'''

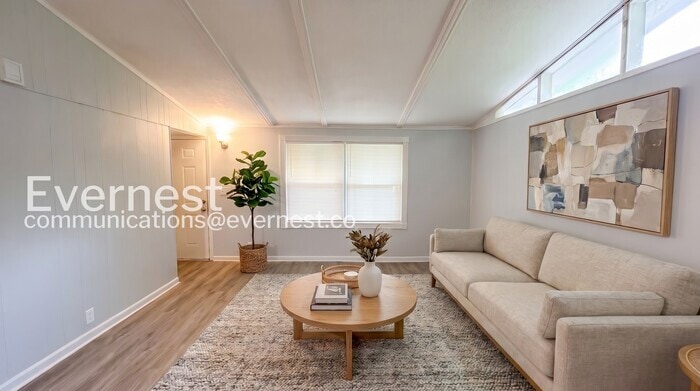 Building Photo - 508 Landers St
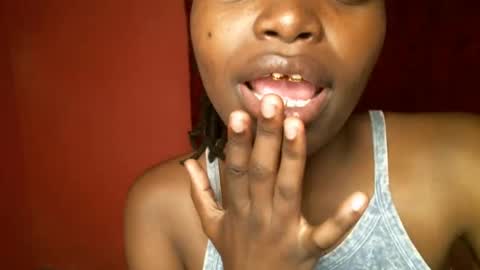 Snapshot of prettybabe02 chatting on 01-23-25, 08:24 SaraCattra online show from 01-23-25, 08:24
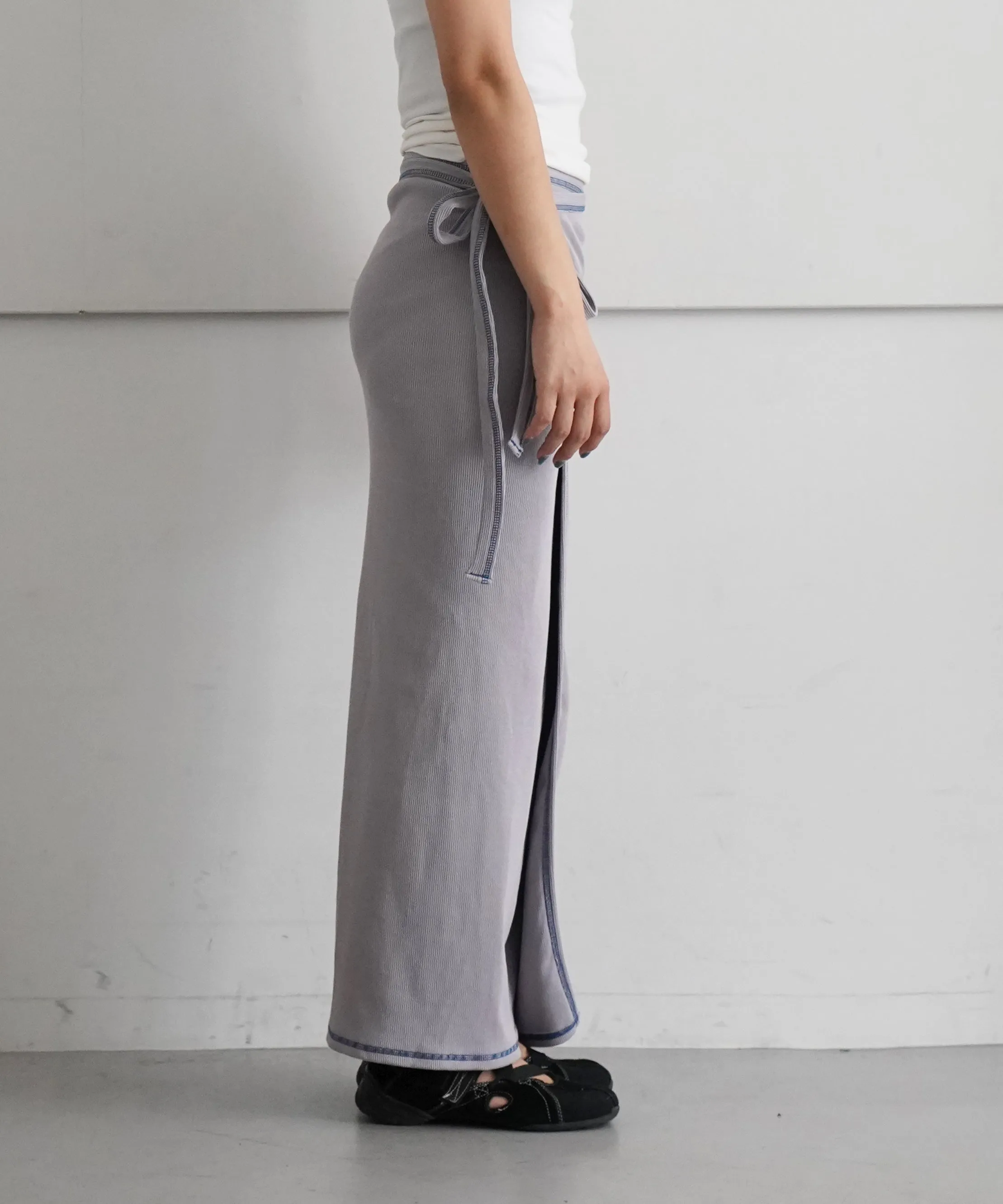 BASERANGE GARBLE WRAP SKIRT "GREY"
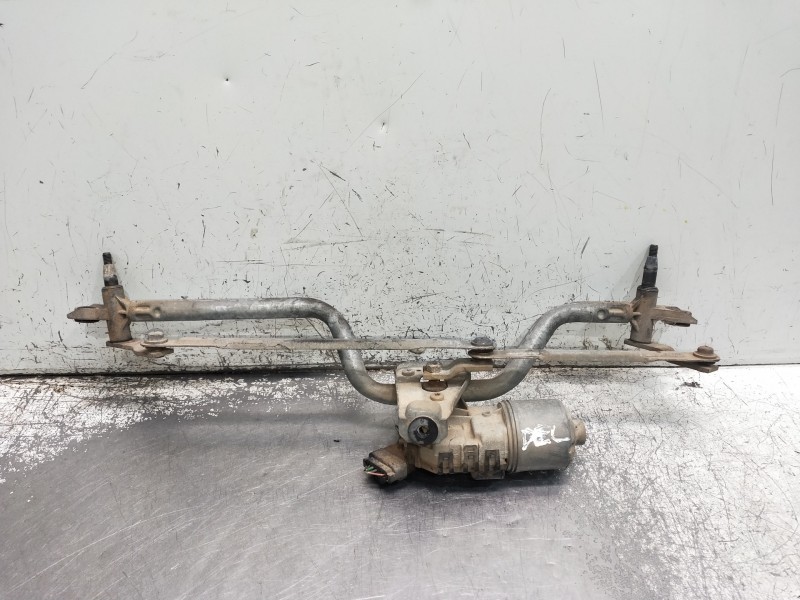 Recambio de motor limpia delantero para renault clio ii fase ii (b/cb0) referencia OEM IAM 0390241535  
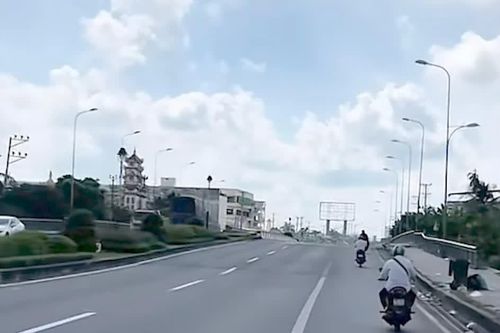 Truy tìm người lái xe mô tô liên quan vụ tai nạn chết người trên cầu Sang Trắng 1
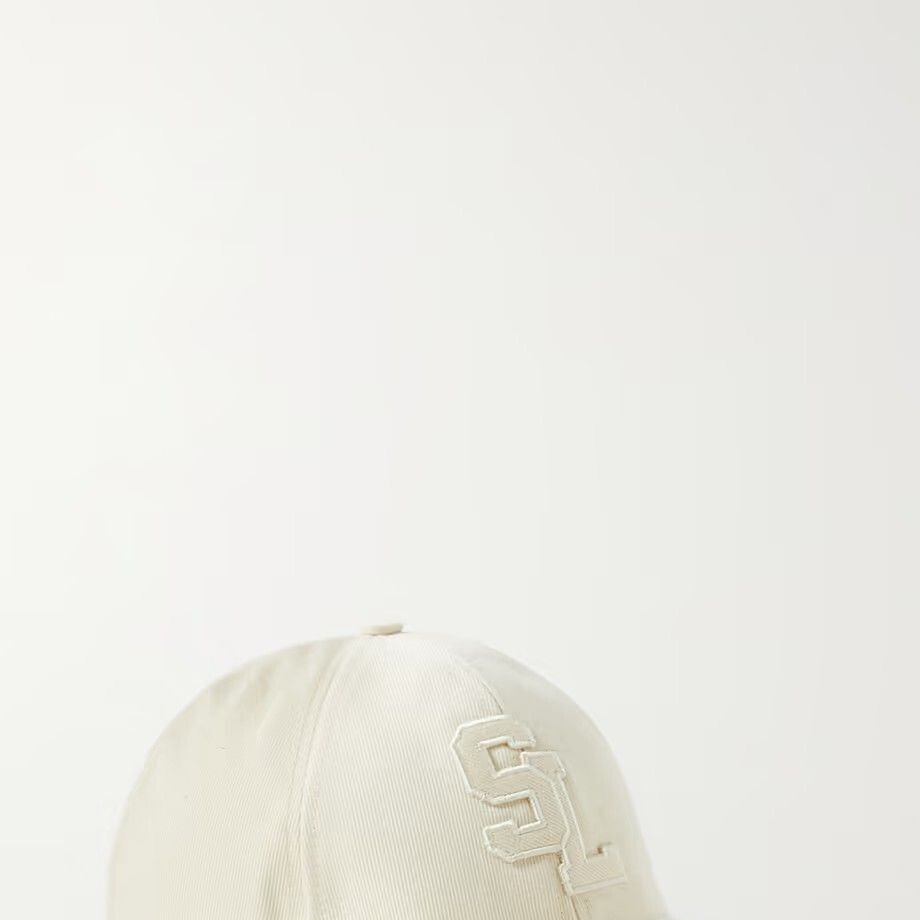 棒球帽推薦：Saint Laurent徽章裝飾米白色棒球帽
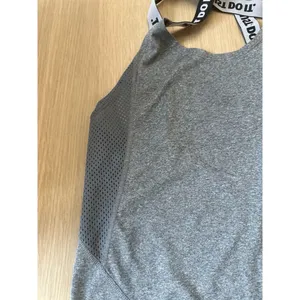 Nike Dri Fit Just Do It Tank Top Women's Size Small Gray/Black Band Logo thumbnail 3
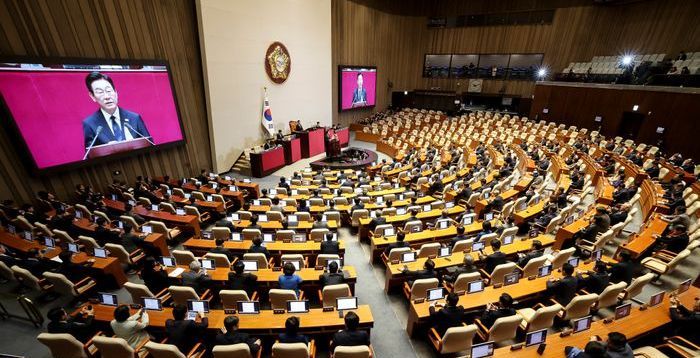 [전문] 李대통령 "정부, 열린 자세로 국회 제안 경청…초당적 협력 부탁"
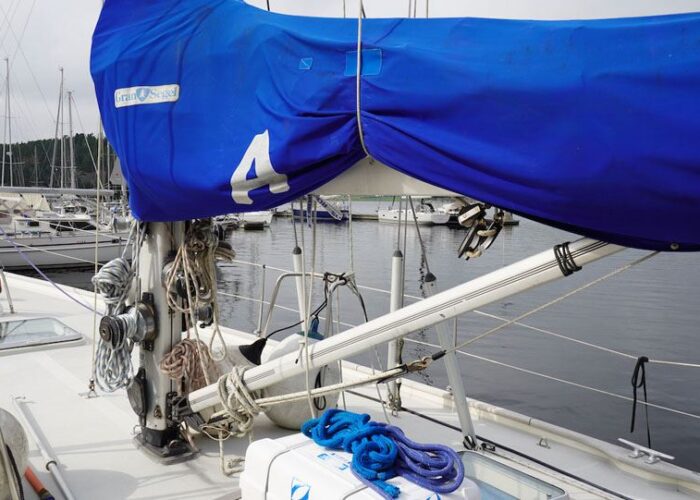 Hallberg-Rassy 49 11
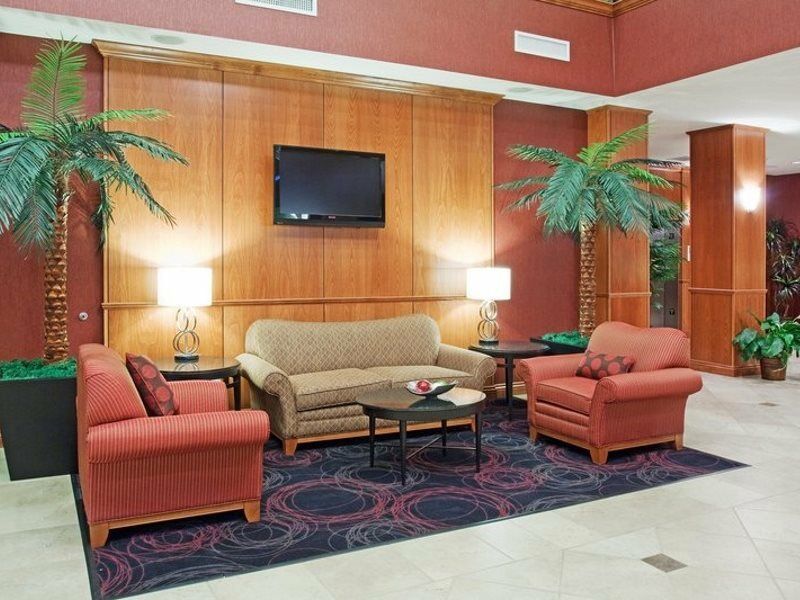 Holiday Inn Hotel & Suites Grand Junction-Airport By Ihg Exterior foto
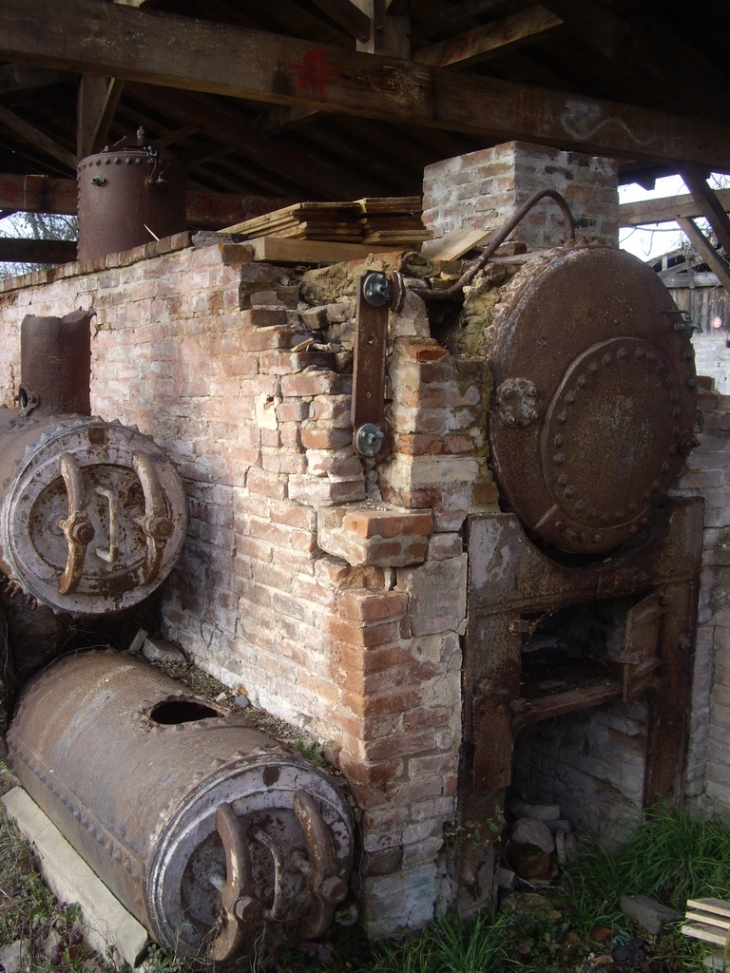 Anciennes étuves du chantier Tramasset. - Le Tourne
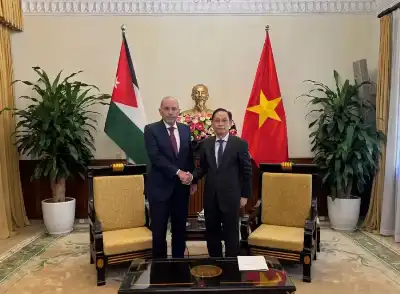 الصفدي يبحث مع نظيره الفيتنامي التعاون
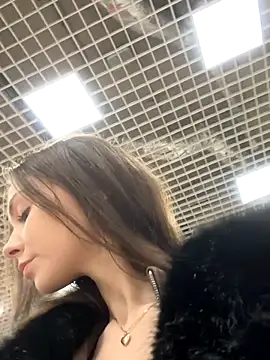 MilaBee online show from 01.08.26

'''

■ About this task: Everything in the listing, except its images, should be set down exactly.

■ Result of the task:
 Building Photo - 508 Landers St
 Snapshot of prettybabe02 chatting on 01-23-25, 08:24 SaraCattra online show from 01-23-25, 08:24
 BASERANGE GARBLE WRAP SKIRT "GREY"
 Recambio de motor limpia delantero para renault clio ii fase ii (b/cb0) referencia OEM IAM 0390241535  
 Truy tìm người lái xe mô tô liên quan vụ tai nạn chết người trên cầu Sang Trắng 1
 棒球帽推薦：Saint Laurent徽章裝飾米白色棒球帽
 Nike Dri Fit Just Do It Tank Top Women's Size Small Gray/Black Band Logo thumbnail 3
 [전문] 李대통령 "정부, 열린 자세로 국회 제안 경청…초당적 협력 부탁"
 Hallberg-Rassy 49 11
 Holiday Inn Hotel & Suites Grand Junction-Airport By Ihg Exterior foto
 Anciennes étuves du chantier Tramasset. - Le Tourne
 الصفدي يبحث مع نظيره الفيتنامي التعاون
 MilaBee online show from 01.08.26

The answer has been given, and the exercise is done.